** Exercise details **
Would you reproduce, word for word, only the lines running from the top of the data through the line containing "怎么将一列数字替换成文字格式呢图片下载软件", and none of the pictures?

** Provided records **
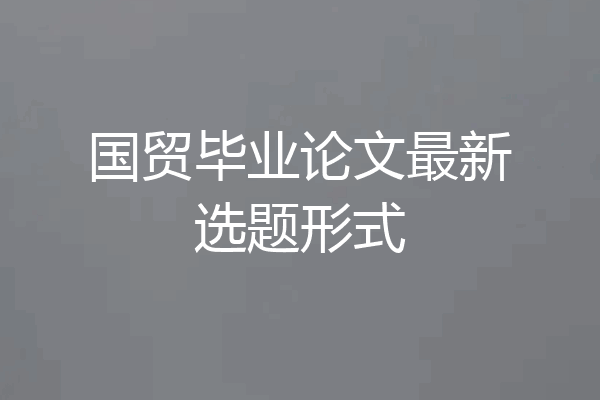 国贸毕业论文最新选题形式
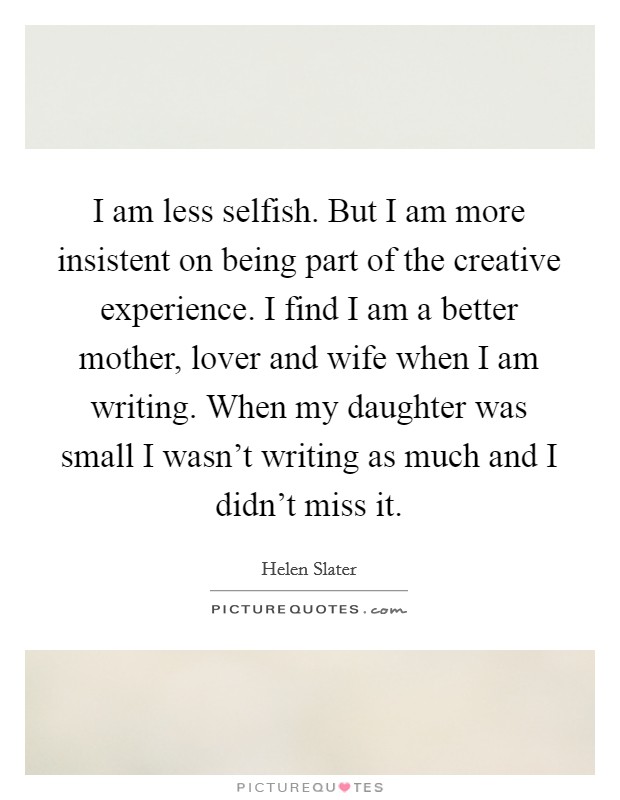 I am less selfish. But I am more insistent on being part of the creative experience. I find I am a better mother, lover and wife when I am writing. When my daughter was small I wasn't writing as much and I didn't miss it. Picture Quote #1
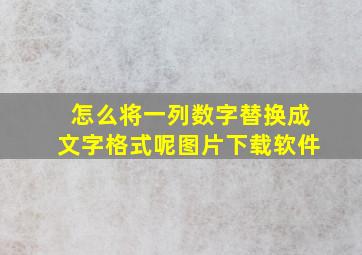 怎么将一列数字替换成文字格式呢图片下载软件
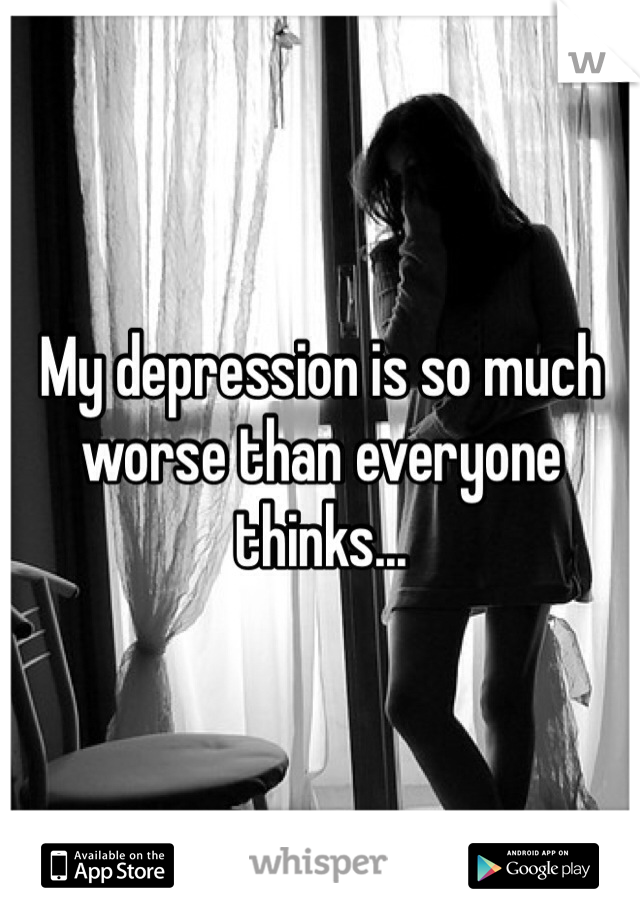 My depression is so much worse than everyone thinks...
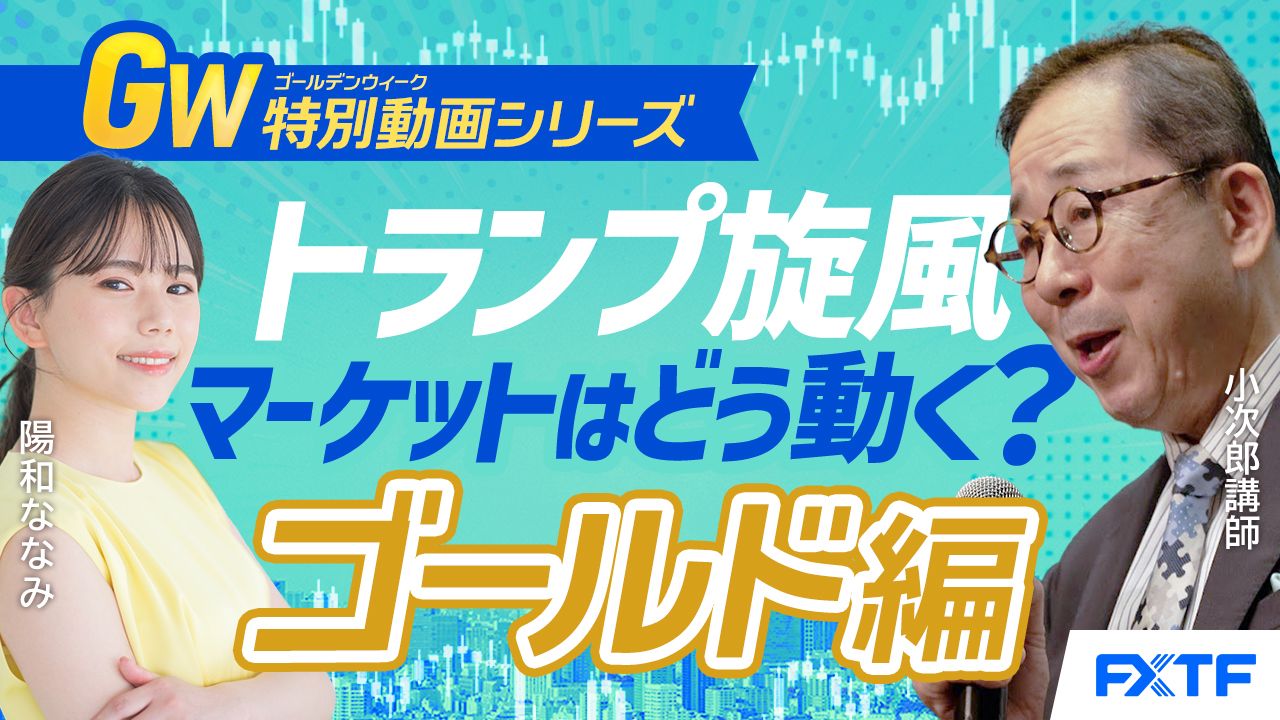 GW特別動画⑤【吹き荒れるトランプ旋風！マーケットはどうなる？】ゴールド編　小次郎講師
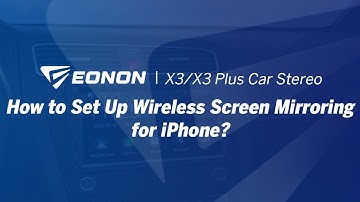 How to Set Up Wireless Screen Mirroring for iPhone? | Eonon X3 & X3 Plus Car Stereo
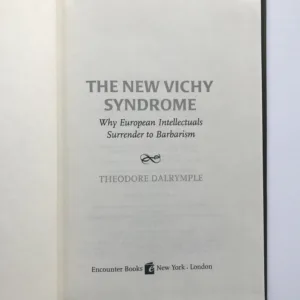 The New Vichy Syndrome (Why European Intellectuals Surrender to Barbarism), Theodore Darlymple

** Response area **
 国贸毕业论文最新选题形式
 I am less selfish. But I am more insistent on being part of the creative experience. I find I am a better mother, lover and wife when I am writing. When my daughter was small I wasn't writing as much and I didn't miss it. Picture Quote #1
 怎么将一列数字替换成文字格式呢图片下载软件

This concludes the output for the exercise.